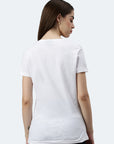 Switcher shirt lady gaia color/blanc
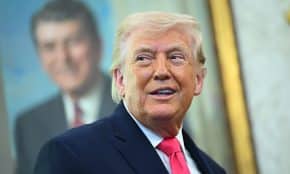 Donaldas Trumpas. EPA-ELTA nuotr.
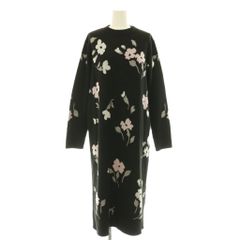 Knuth Marf blurry flower one piece - メルカリ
+-------+
### PROBLEM DETAILS:
Transcribe the listing verbatim, pictures excluded.

### YOUR RESPONSE:
 Switcher shirt lady gaia color/blanc
 Donaldas Trumpas. EPA-ELTA nuotr.
 Knuth Marf blurry flower one piece - メルカリ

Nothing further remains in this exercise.